Isso levou Cohen à conclusão de que, no fim das contas, ele se importava mais com a desigualdade do que com a exploração, porque a forma como nos relacionamos uns com os outros como seres humanos é fundamentalmente mais importante do que o nosso direito de exercer propriedade sobre cada pedacinho de coisa que produzimos. Então, ele mudou de fundamento e se tornou um igualitário (e – embora ele detestasse essa descrição – um liberal).
Então, hoje em dia, quando jovens como Freddie deBoer aparecem insistindo que “o marxismo não é uma filosofia igualitária”, eu concordo com a cabeça, mas tenho vontade de responder: “Sim! É por isso que ninguém mais é marxista”. Novamente, quero enfatizar que várias das maiores mentes da filosofia política do século 20 passaram boa parte de duas décadas trabalhando nas minas de sal da teoria marxista, tentando fazer a crítica da “exploração” do capitalismo funcionar , e todas elas desistiram e se tornaram igualitárias . Certamente isso deveria valer alguma coisa! Enfim, não precisa acreditar em mim, a biblioteca está cheia de livros.
É claro que é um pouco exagerado dizer que ninguém mais é marxista. Algumas pessoas ainda não se deram conta disso. Há também os “libertários de esquerda”, que são os remanescentes do marxismo acadêmico do século XX ( pessoas que se apegam à ideia de autopropriedade, enquanto tentam bloquear as conclusões antiegalitárias que Nozick derivou dela). Há também uma minitendência recente de marxistas “neo-republicanos”, mas eles são basicamente liberais que, em vez de recorrer ao igualitarismo de Rawls, querem se basear na norma de “não dominação” de Philip Pettit (que considero apenas mais uma vertente do liberalismo) para reconstruir o marxismo.

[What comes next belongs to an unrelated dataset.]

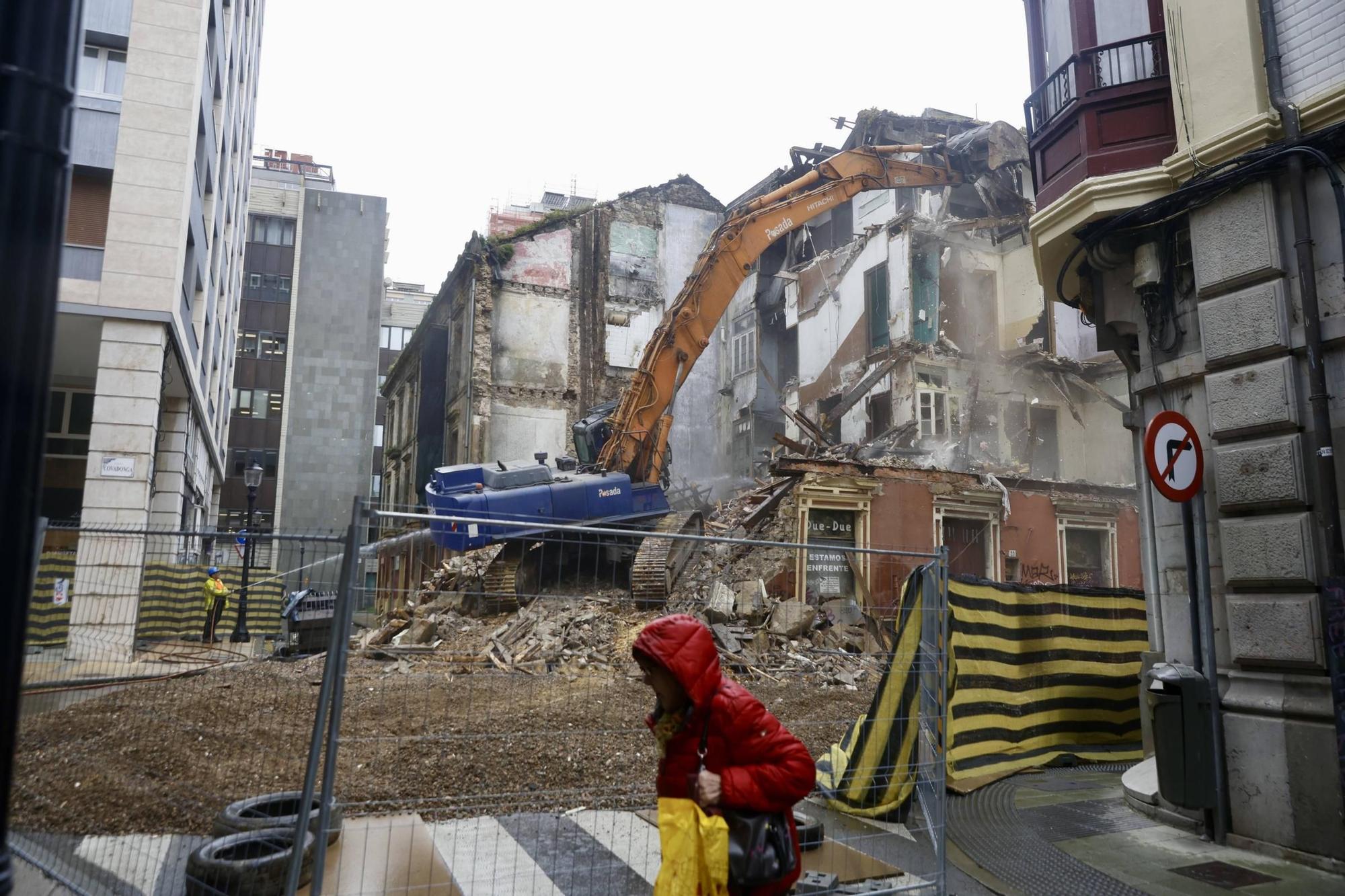Así fue el derribo del histórico edificio de El Jazmín en Gijón (en imágenes)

Mas, além disso, o colapso do marxismo acadêmico – como um corpo de crítica social normativamente motivada – foi completo. Daí a fundamental falta de seriedade do marxismo contemporâneo no discurso público. O marxismo popular (juntamente com o tipo de marxismo gramsciano ou “cultural” encontrado em departamentos de estudos críticos) tornou-se uma religião sem teologia. Posso entender por que algumas pessoas podem relutar em ler teoria marxista séria, se o principal resultado for transformá-las em liberais, mas se a alternativa for o estilo de estupidez agressiva e descarada encontrado na revista Jacobin (ou seja, “Vou falar como um marxista, mesmo que nada disso faça sentido, porque você não pode me impedir!”), então me parece um preço que vale a pena pagar.

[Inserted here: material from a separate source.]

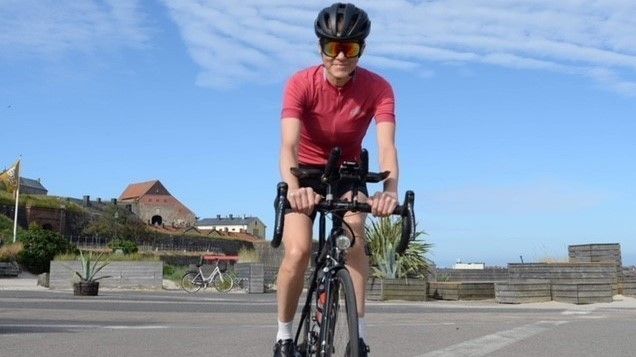 Anna samlar in pengar till diabetesforskningen genom att cykla genom Sverige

Infelizmente, algumas pessoas não perceberam essas tendências porque não houve um momento em que alguém “refutou” o marxismo. Os pensadores sérios, em sua maioria, simplesmente se afastaram dele aos poucos, como convidados em uma festa que saem da sala de estar para a cozinha, onde a conversa é mais animada. Nesse caso, a conversa para a qual eles migraram foi a do rawlsianismo. Foi assim que Rawls acabou triunfando sobre o marxismo: tornando-o supérfluo, fazendo com que ninguém mais precisasse ser marxista.
Os rawlsianos, aliás, são péssimos em explicar qualquer uma dessas coisas, e foi por isso que pensei em tentar.